This last week had a couple of interesting changes announced and rumored from Microsoft (disclosure Microsoft is a client of the author). The first was some needed changes to Office that will likely upset a lot of people. The second was the announcement of a Generation 3 HoloLens. (What happened to generation 2? Well, like Windows 9, Microsoft pretty much just skipped it.) And third was the application of AI in the patching process that could dramatically reduce the expense and aggravation attached to it. Let’s talk about each in turn.
Starting with the new Office updates; first a new simplified ribbon designed to help people better focus on their work and more naturally collaborate with others. It is also more customizable, so the most used features will be easier to access. The appearance of the product better uses the improved graphics performance on newer PCs, so the product will look more modern. And finally, search has been improved with a stronger AI back end that will provide recommendations and a better connection to Microsoft Graph. Microsoft Graph is a new capability in across Microsoft applications that improve user onboarding, helps manage employee profiles, helps with document conversion, and improves email syncing.
This mostly sounds wonderful (I’m still not all that clear on Microsoft Graph) so why will it likely piss off users? There are users who embrace change, generally younger users, and there are users that hate change which generally fall into older categories. This tends to make updating any product a lot more drama filled than you otherwise would expect. But if products aren’t updated then can fall so far behind the technology curve that a newer product from another vendor is likely to displace it.
I’ve never really found an effortless way though this other than just listen to the complaints while keeping the comments on age, inflexibility and whining to yourself as they won’t help. In a few months this will pass, and these rigid folks will eventually adjust to the new capability. They’ll grow to like some of the changes but forget this process and get upset again the next time the product is changed.

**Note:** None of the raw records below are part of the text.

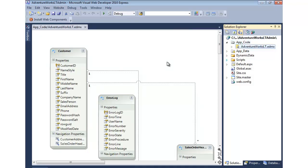So the next step is, now that we have a model, we need to register that model with this dynamic data website. So let's take a look at how we can do that.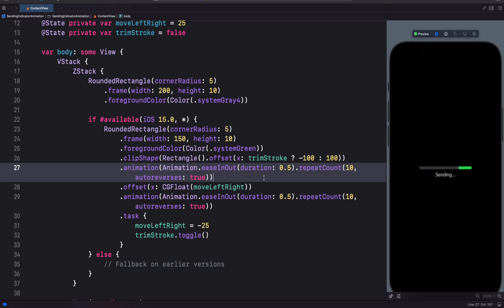And that is all we need to show and hide the left and right portions of the green rectangle as it animates. So in this video we learned how to place a mask on the green rectangle. We also learned how to move the mask along the x axis to reveal and hide portions of the green rectangle. In the final step, we animated the mask to make the green rectangle draw and erase itself in order to create this sending progress animation.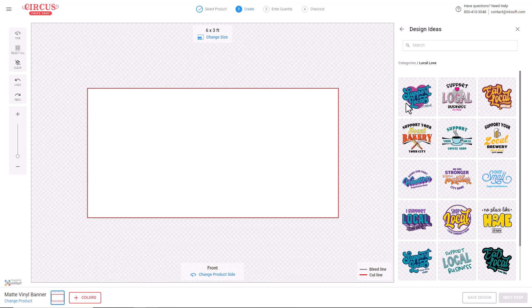Inksoft users with an unlimited plan have access to nearly 1,000 designs that are exclusive to the unlimited plan. These designs can be used in the Inksoft Designer and they can also be used to create signage using the signage feature, which is also exclusive to the unlimited plan.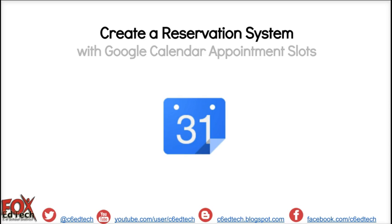This has been J.P. Presvento, the Fox School District Coordinator of Instructional Technology, demonstrating how to create a reservation system with Google Calendar appointment slots.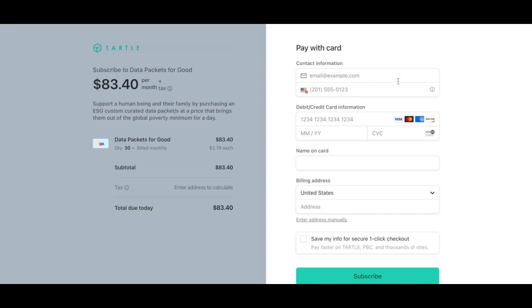Go ahead and fill your contact information, your payment information, and click subscribe now. Go ahead and tell your friends and family about this because you can help very many people across the world at little to no cost to you.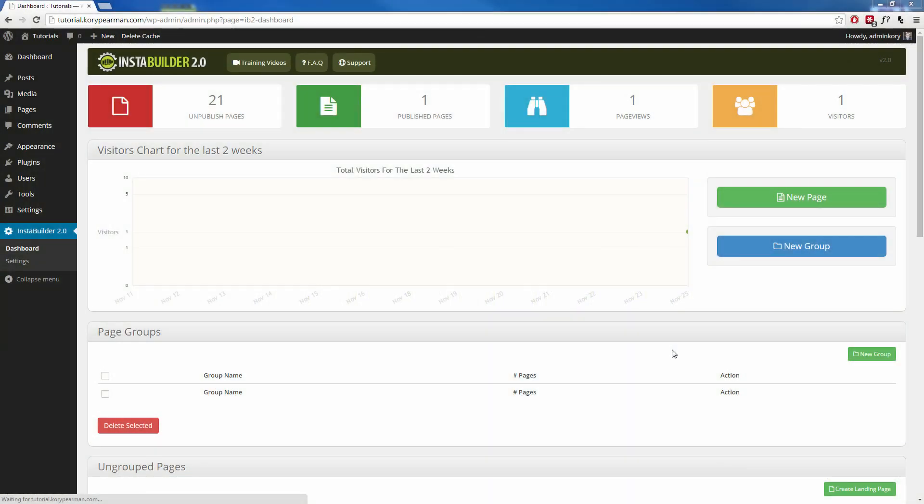Hi, during this video I'm going to be showing you how you can use one of the many different templates that we have for you inside of InstaBuilder to create your web pages in a matter of minutes.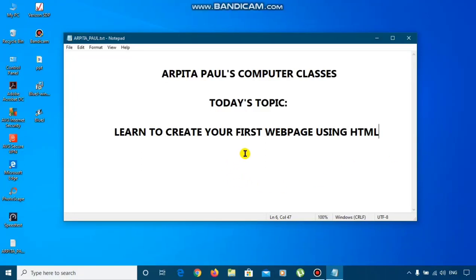Hello students, I am Alpita Paul and I am back again with another new video. Today you will learn to create your first web page using HTML. Let's start our video.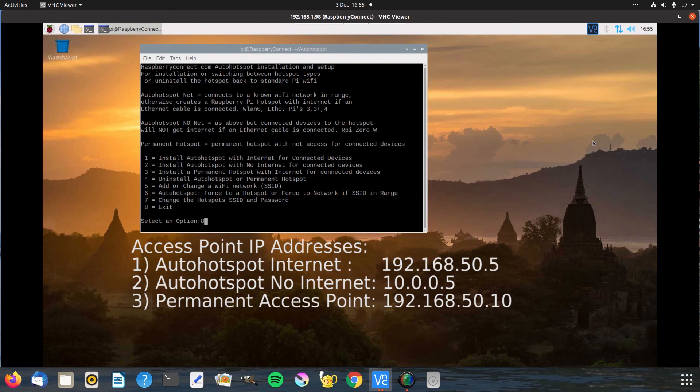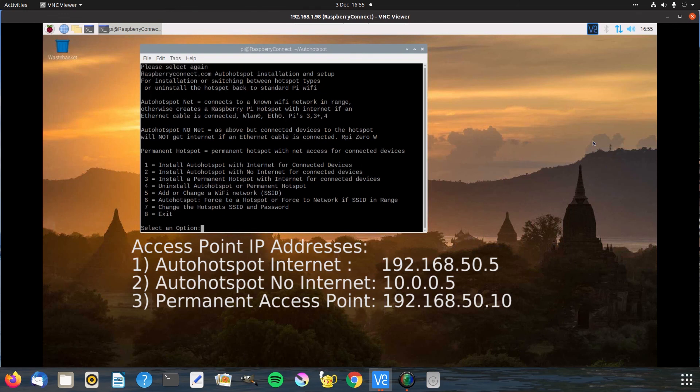Hopefully that helps you with your access point setup on your Raspberry Pi. Thanks for watching.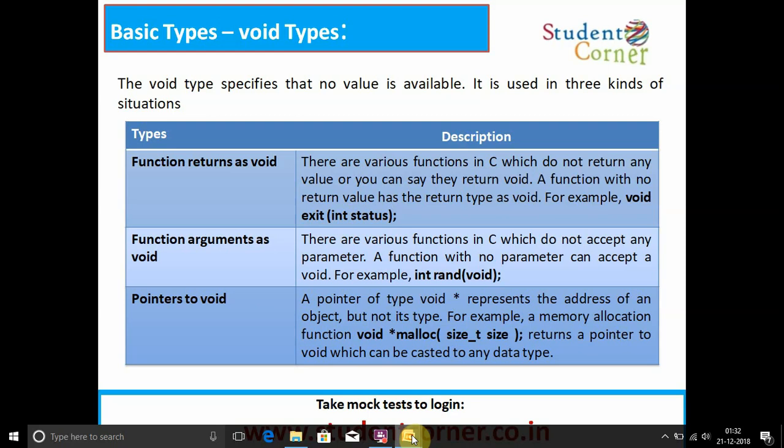Third, pointer to void: a pointer of type void* represents the address of an object but not its type. For example, the memory allocation function void* malloc(size_t) returns a pointer to void, which can be cast to any data type.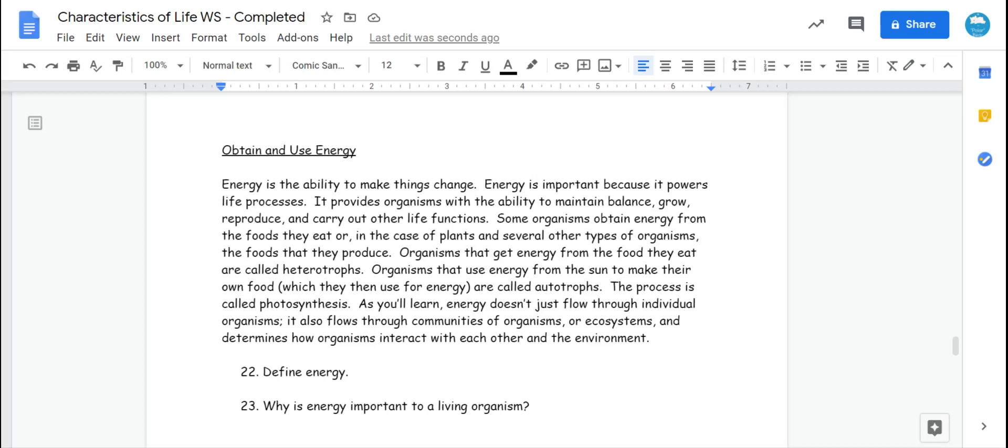Obtain and use energy. Energy is the ability to make things change. Energy is important because it powers life processes. It provides organisms with the ability to maintain balance, grow, reproduce, and carry out other life functions.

Personally, I view these changes as positive but, in my business, if you don’t learn to love change you’re dead.
Generation 3 HoloLens
I personally think that HoloLens will eventually evolve into what will replace our cellphones, tablets and laptops. A connected head mounted display with AI (Cortana/Alexa) and AR that will allow us to put virtual monitors where ever we need them and allow us to communicate with less likelihood of walking into a telephone pole or fall into a ditch. What was interesting about rumor of this latest version (code named Sydney), due early in 2019, is that it leapfrogs the second-generation device and moves to Generation 3. Historically Generation 3 devices are the most improved. This is because it takes 3 generations to address the user feedback on the first-generation device.
Timing typically works like this, Generation One comes out and it is really rough with much of the technology not really yet adapted to the use case. Generation 2 addresses the most annoying problems and reflects the component suppliers coming up to speed on the technology making the device more usable. With that improved customer base and two generations of customer feedback, Generation 3 is massively changed going from more of a guess about what the market needs to something that better matches a now known need. The 3rd generation of the iPod and iPhone were reflective of this and coincided with massive adoption as a result. The old saying that “the prospectors get the arrows and the settlers get the gold” is often applied here with the settlers being the ones who wait till the third generation.
I don’t think Generation 3 will get us to a broad market potential iPhone killer yet, but I do think the device will be massively improved and begin to look more practical in that eventual role as a result. Oh, and it is supposed to be cost reduced as well so market adaption for its current industrial use should accelerate as a result.
AI for Windows patches
One of the biggest complaints desktop analysts are getting surrounding Windows is that the number and speed of patches is unmanageable. Since most address security exploits which are coming at unprecedented rates (so you really do have to apply them) the cost of assuring application and unique device compatibility is extra ordinary. I’ve heard of services firms trying to charge what they charge to roll out a new version of Windows to apply every major patch costing millions of dollars a shot.
Up until now Microsoft just didn’t have the bandwidth to do this testing for their customers, the numbers of unique applications and hardware exceeded by magnitudes the resources they could focus on this. But that is one of the huge benefits of deep learning, machine learning and AI technology. It can scale massively better than you can scale people allowing the April 2018 update to roll out far faster and with far fewer problems than earlier efforts like the Fall Creators Update.
This best thing about this technology is that, once applied, it improves the process at machine speed and this means that every subsequent patch process should be a huge improvement over the prior effort. This doesn’t mean the pain is going away, sadly the level of malware and breach attempts are also accelerating, but it does mean there is light at the end of this tunnel.
Wrapping up: the speed of change is increasing – adapt or die
Whether we are talking Office, HoloLens or Windows we are seeing what is likely the beginning of a far faster and far more fluid product development acceleration schedule. For things like HoloLens this is driven by a combination of maturing technology and changing needs, for products like Office they are designed to hold off ever more capable and more numerous competitors, and for products like Windows to offset increased risks with greater automation and machine speed intelligence.
This to me means that those that can embrace change and roll with the punches will be far more successful than those that are more rigid in their thinking and tend to resist change. That might be something to factor into both your personal development and how you select new employees. Or, to put this differently, whether we are talking companies or people, becoming better at adapting will likely be how we assure survival.